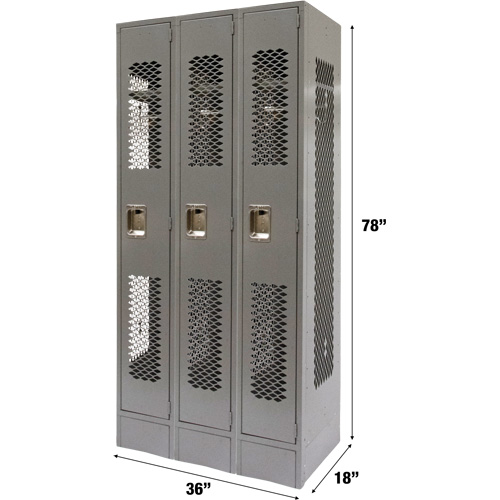 Vented Lockers, Bank of 3, 36" x 18" x 78", Steel, Grey, Knocked Down, Perforated Les Distributions ICE
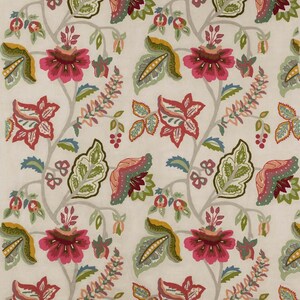May include: Floral fabric with a repeating pattern of stylized flowers and leaves in shades of pink, green, yellow, and blue on a cream background. The design features large, detailed blooms and foliage.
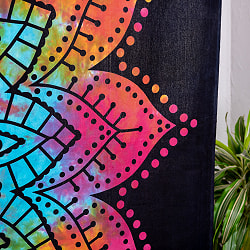 マルチクロス - マンダラ　ホーリーカラータイダイ染め〔約222cm×約205cm〕 - サブ5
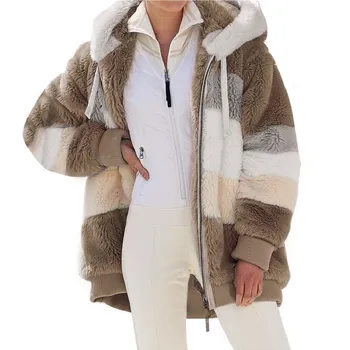 Женская одежда, Новое осенне-зимнее свободное полосатое плюшевое многоцветное пальто с капюшоном, повседневные свободные модные теплые топы на молнии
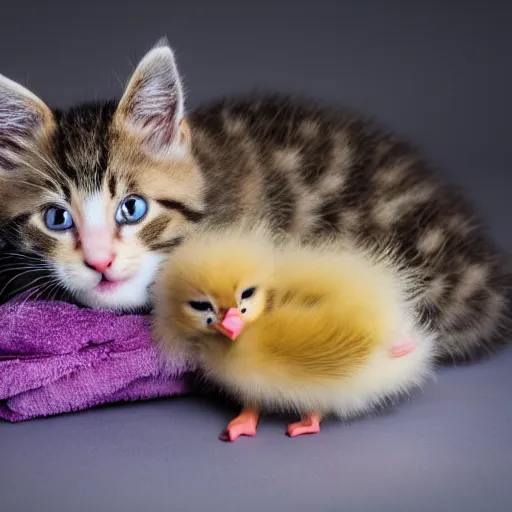 Image similar to 35mm macro shot a kitten bathing with a baby duck, studio lighting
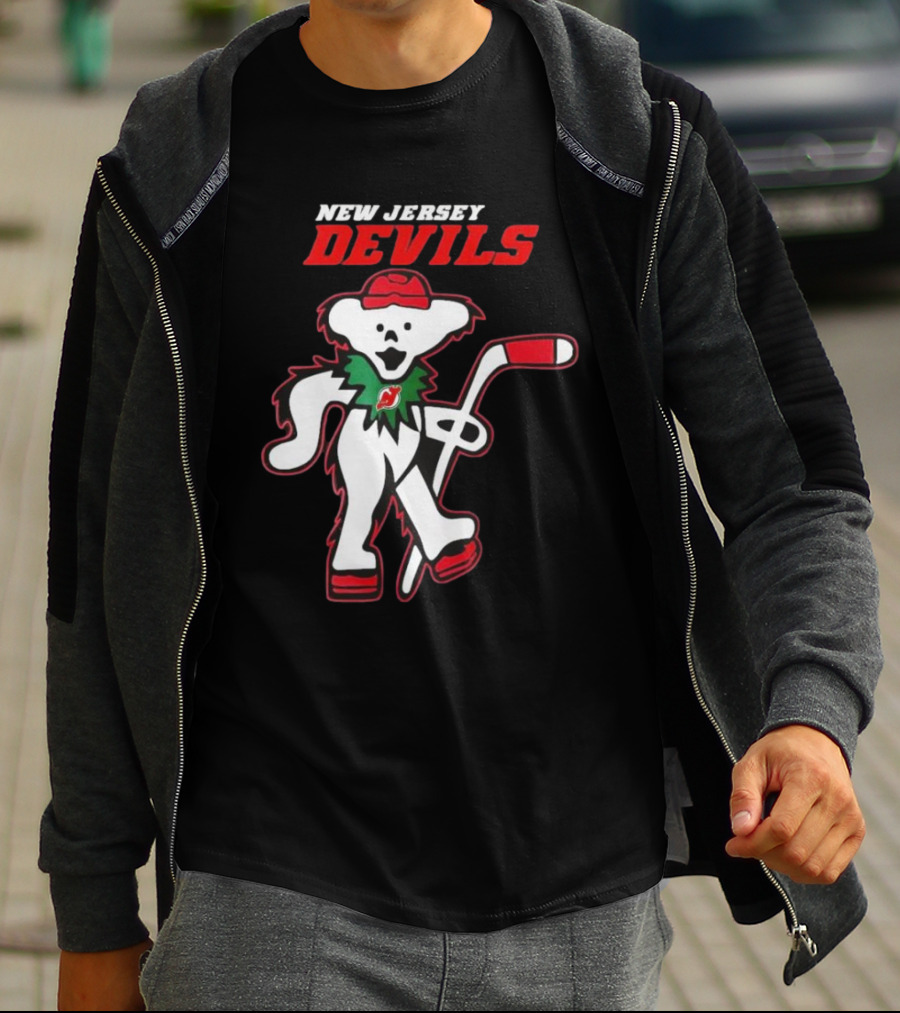 New Jersey Devils Hockey Grateful Dead Bear T-Shirt
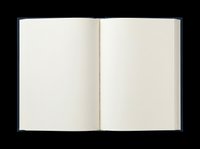 Open hardcover book with blank pages, isolated on transparent background. Ready for t-shirt design, clipart, stickers, print on demand, and sublimation projects.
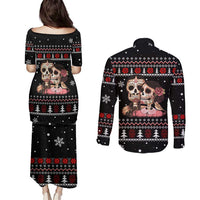 Skull Couple Christmas Couples Matching Puletasi and Long Sleeve Button Shirt Xmas Holiday Patterns - Wonder Print Shop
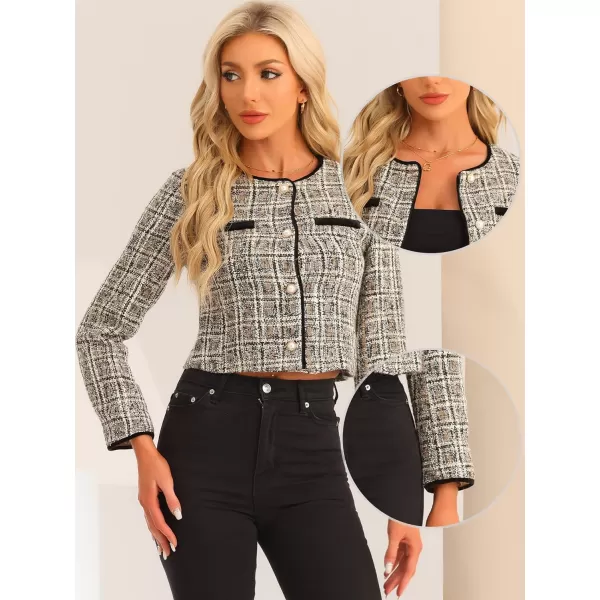 Allegra K Tweed Jacket for Women's Long Sleeve Casual Work Office Plaid Short Outwear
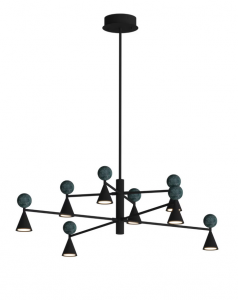 Lampa Wisząca Bingo 54W Czarny + Malachit Maxlight P0684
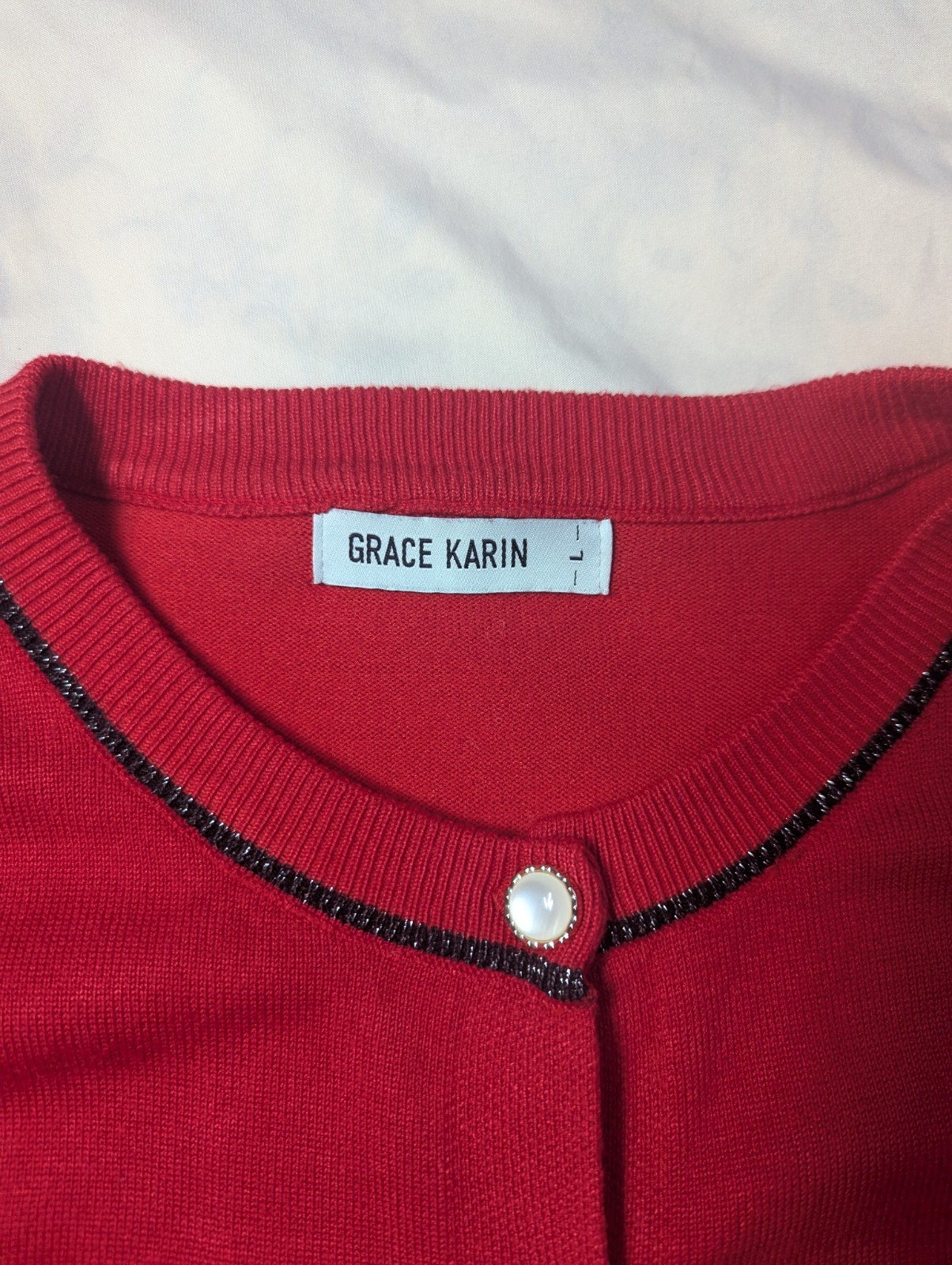 Grace Karin Red Cardigan Sweater Women’s Small Pearl Button Knit Office Preppy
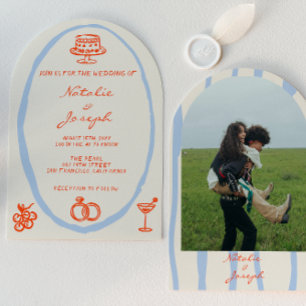 Hand Drawn Whimsical Arched Unique Photo Wedding Invitation
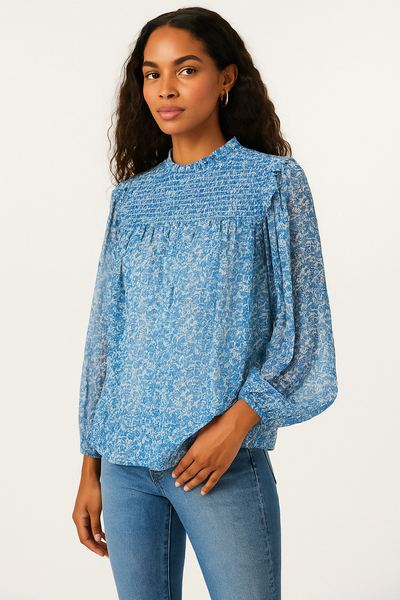 Aqua Smocked Floral Print Top, Size Small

Prompt: Skipping every picture, transcribe exactly the lines above from the one containing "New Jersey Devils" through the one containing "Lampa Wisząca Bingo", both included.

Solution:
 New Jersey Devils Hockey Grateful Dead Bear T-Shirt
 Open hardcover book with blank pages, isolated on transparent background. Ready for t-shirt design, clipart, stickers, print on demand, and sublimation projects.
 Skull Couple Christmas Couples Matching Puletasi and Long Sleeve Button Shirt Xmas Holiday Patterns - Wonder Print Shop
 Allegra K Tweed Jacket for Women's Long Sleeve Casual Work Office Plaid Short Outwear
 Lampa Wisząca Bingo 54W Czarny + Malachit Maxlight P0684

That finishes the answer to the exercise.